How many ways can we do this?
(Look at some possibilities with generic addressing modes)
How can we start moving data around?
- With the assumption, that initially a processor (CPU) must first read data from memory, and then write that same data to another location, we might also assume that during that process, the data retrieved from memory has to be somehow "held" until ready to be stored or written to memory. You may have heard reference to an "Accumulator". A CPU normally has a special storage register for this purpose. When you hear reference to "Registers", they can usually be thought of as nothing more than binary data-latches, like an 8-bit or 16-bit data-latch. Unfortunately, many folks do not realize the simplicity of this one concept, and they more often as not think that a "Register" must be some kind of exotic circuit.
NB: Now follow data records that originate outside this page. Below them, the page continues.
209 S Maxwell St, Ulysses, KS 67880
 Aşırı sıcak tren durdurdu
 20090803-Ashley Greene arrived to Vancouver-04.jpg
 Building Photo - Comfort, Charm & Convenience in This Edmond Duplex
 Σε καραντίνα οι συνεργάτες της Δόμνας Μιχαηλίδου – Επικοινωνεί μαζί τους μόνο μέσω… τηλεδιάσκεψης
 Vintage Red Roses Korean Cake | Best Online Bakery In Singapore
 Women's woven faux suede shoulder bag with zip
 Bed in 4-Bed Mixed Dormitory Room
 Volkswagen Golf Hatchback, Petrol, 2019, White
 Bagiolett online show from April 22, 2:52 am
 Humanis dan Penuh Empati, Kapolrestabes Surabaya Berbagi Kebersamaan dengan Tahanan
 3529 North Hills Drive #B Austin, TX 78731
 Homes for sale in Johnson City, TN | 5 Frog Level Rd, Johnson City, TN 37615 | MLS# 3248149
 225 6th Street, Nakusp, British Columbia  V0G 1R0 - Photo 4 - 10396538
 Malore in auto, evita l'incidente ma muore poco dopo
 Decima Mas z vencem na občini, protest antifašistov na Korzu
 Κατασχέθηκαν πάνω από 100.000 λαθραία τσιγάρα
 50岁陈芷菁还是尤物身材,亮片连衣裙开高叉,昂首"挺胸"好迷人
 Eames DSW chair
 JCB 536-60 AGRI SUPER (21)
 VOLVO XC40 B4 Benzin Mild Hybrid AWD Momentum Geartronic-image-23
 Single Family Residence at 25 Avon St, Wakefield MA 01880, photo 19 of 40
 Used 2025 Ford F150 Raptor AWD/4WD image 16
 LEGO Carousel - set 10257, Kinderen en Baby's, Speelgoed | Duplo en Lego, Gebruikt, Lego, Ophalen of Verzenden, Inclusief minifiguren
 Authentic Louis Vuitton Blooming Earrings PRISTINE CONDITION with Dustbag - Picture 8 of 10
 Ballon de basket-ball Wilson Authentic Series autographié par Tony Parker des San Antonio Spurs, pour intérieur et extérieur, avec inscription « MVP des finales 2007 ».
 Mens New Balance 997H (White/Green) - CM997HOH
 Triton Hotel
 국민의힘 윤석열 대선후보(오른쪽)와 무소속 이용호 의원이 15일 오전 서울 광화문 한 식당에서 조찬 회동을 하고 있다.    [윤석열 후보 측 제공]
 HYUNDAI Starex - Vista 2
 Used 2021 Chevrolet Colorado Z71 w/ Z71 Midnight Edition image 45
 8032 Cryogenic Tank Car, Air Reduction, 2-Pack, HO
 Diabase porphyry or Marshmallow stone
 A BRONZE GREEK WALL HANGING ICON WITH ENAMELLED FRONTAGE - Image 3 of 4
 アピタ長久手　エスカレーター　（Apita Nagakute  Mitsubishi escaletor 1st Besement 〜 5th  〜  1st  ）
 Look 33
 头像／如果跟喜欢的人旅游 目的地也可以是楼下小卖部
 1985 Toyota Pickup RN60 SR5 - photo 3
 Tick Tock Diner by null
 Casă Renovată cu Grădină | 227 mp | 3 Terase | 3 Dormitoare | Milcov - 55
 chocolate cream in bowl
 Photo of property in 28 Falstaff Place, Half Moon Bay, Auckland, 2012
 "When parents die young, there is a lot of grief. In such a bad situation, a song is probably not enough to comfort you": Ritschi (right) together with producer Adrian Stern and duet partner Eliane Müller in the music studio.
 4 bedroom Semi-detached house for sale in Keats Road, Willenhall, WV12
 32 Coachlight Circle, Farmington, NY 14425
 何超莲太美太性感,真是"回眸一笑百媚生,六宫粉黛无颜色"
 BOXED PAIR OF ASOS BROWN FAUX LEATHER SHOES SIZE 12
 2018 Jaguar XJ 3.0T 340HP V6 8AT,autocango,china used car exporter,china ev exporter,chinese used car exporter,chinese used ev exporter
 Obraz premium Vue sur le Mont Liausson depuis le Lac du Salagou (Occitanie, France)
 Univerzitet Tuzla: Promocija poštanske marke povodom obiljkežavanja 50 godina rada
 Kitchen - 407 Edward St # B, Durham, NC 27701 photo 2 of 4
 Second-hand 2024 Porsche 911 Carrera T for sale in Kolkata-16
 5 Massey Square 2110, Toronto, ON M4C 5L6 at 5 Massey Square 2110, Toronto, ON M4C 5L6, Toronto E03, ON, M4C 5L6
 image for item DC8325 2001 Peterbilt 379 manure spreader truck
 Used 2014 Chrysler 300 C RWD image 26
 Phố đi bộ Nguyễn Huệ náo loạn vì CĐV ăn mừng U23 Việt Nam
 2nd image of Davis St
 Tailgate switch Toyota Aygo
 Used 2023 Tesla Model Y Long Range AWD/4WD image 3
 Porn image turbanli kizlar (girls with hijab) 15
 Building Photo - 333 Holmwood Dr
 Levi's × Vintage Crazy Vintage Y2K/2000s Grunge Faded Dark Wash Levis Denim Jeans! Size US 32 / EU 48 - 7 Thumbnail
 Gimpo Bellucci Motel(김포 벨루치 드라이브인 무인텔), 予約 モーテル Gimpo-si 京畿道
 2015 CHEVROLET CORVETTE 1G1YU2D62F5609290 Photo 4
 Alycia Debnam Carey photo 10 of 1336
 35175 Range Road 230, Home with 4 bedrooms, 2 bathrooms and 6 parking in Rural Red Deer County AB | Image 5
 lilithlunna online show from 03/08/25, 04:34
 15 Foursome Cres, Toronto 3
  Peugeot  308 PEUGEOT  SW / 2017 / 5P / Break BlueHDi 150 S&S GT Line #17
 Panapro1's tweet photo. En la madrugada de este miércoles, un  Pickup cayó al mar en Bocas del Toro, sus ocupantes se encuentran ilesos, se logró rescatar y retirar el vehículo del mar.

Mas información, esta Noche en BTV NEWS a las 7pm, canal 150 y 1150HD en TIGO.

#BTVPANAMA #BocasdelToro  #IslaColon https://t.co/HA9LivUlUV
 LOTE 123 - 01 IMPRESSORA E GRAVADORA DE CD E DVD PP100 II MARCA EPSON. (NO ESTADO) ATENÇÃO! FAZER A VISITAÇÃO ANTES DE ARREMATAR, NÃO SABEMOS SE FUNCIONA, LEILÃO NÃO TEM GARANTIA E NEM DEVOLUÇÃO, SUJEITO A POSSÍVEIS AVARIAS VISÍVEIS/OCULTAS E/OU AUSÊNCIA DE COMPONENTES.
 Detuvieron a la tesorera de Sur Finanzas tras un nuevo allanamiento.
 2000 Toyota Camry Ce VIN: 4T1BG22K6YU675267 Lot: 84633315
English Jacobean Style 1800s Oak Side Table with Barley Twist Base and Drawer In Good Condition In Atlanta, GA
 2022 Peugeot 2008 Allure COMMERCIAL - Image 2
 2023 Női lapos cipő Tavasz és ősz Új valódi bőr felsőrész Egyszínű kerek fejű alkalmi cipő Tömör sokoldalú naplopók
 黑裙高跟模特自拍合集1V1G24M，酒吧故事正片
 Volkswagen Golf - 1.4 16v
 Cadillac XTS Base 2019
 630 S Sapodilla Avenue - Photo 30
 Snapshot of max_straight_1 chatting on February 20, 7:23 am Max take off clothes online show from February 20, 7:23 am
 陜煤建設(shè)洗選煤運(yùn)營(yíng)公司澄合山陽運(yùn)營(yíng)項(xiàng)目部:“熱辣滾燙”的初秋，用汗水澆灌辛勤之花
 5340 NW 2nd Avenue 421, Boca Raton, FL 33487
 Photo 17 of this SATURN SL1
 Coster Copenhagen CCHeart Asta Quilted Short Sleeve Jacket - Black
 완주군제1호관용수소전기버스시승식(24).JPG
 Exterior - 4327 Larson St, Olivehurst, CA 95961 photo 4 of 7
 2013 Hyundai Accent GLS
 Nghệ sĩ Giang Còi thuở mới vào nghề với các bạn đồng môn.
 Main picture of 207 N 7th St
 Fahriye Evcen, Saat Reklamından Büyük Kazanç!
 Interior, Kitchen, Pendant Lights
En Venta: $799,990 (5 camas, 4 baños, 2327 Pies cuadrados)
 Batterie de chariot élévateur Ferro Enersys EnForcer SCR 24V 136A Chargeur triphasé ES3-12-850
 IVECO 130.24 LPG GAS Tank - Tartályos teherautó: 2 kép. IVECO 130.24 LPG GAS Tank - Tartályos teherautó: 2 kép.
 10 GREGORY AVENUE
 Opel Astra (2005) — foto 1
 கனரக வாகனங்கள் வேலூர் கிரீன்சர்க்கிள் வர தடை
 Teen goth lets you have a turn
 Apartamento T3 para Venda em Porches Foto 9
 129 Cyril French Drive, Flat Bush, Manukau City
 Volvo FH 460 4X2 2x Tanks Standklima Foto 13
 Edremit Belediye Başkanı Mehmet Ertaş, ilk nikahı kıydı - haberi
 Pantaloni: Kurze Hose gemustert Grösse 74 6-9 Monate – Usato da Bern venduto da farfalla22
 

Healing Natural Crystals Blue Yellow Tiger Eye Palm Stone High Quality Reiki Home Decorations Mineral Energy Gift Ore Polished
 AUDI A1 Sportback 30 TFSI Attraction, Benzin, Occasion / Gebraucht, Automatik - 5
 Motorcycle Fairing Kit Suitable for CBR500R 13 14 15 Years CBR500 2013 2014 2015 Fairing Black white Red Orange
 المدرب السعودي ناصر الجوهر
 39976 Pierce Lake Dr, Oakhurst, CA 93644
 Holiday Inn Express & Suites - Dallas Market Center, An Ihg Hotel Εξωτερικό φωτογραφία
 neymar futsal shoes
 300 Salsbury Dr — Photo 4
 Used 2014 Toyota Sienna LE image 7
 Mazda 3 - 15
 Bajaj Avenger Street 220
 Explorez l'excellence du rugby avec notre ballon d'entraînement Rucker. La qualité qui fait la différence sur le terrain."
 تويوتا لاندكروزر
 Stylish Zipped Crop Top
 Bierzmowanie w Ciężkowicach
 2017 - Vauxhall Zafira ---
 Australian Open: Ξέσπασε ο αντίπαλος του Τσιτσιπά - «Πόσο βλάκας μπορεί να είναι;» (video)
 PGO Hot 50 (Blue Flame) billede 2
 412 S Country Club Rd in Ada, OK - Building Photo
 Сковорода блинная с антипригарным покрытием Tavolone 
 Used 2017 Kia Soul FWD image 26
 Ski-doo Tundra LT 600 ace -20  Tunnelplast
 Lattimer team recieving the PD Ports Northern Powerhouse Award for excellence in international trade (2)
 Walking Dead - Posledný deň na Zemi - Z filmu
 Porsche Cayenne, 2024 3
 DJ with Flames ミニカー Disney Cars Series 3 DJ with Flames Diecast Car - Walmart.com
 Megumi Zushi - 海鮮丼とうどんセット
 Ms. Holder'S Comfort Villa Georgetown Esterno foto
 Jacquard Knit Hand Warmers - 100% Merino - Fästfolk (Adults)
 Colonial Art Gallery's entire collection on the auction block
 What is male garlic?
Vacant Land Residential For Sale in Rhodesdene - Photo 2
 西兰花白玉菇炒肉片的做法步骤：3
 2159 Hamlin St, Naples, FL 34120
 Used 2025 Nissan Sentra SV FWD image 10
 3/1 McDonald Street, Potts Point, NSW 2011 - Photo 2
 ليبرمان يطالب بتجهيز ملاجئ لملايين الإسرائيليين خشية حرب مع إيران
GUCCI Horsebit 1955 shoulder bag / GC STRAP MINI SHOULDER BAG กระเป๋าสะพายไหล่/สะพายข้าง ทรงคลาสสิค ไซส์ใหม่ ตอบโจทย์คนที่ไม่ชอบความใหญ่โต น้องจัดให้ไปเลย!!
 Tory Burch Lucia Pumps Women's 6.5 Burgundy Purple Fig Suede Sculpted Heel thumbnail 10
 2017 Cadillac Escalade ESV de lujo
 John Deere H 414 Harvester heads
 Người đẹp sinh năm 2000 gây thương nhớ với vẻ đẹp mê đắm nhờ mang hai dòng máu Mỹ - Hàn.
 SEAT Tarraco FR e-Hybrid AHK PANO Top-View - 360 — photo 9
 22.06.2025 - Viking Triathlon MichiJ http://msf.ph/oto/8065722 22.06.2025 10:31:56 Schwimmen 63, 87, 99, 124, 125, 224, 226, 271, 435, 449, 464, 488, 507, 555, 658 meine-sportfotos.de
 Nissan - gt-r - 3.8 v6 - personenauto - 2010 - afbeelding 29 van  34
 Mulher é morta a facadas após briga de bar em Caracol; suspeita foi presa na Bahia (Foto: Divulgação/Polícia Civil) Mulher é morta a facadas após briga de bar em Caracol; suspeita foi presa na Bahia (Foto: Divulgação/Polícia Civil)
- Any memory must have 3 basic considerations: i.e. "Where", "Action", and "Contents", in that "Where" is simply one of the number of possible locations, "Action" is whether we extract or store "Contents" as the data within that memory locations.
- This is often illustrated by walking into an area that contains a large number of mailboxes, where each mailbox has a location number (called an address), and by opening a specific selected mailbox (i.e. an "address" ) the contents may be "extracted" or "filled" (this would be the "data").
- Consider that a CPU must have actually several "Registers" that can be electronically switched in or out of certain common circuits. Consider also, that if we had a "16-bit Register" that could be used to reference a simple binary value,as control over memory address lines, we could electronically select that particular 16-bit Register as a "Memory Address Select Register". This would allow us to select over 65,536 different locations of memory.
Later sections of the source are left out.